There was huge ongoing batch job (recompression of blobs). There was some huge transaction (I didn't identify it yet, didn't look at it yet), that locked up lots of stuff, maybe it was recompression- related, maybe it was not. Crash recovery identified half a million of uncommitted row changes. MySQL internal undo segments limit has been reached (there were 1024 active transactions that modified data, the other option would be running out of 1G of transaction log space, which was unlikely) More and more hanging transactions led to more and more clients connecting Slaves reported lag (as there were no new transactions incoming) LB sent all the read queries to master Master had much more workload to do Probably it started allocating more memory (I don't see trace on ganglia's daily graph anymore though..) Kernel OOM killer jumped in LB decided that all slaves are lagged and wanted still to use master (this is new code, we should've failed gracefully and switched site to R/O instead, as master was down).

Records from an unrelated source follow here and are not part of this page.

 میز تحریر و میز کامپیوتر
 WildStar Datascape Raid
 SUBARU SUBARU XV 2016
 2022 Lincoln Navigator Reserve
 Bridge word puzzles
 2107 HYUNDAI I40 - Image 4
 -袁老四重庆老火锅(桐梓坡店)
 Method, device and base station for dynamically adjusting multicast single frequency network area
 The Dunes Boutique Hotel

So, for few minutes we showed down notice, then I switched the site readonly, and within few minutes, instead of waiting for crash recovery, I promoted another slave as master.
Strange though, pity I didn't see what was happening at the beginning.
Our enwiki master was up and running and kicking for nearly two years (we even had a stable master-slave relationship between db2 and db3 that took over a year ;-)
Cheers,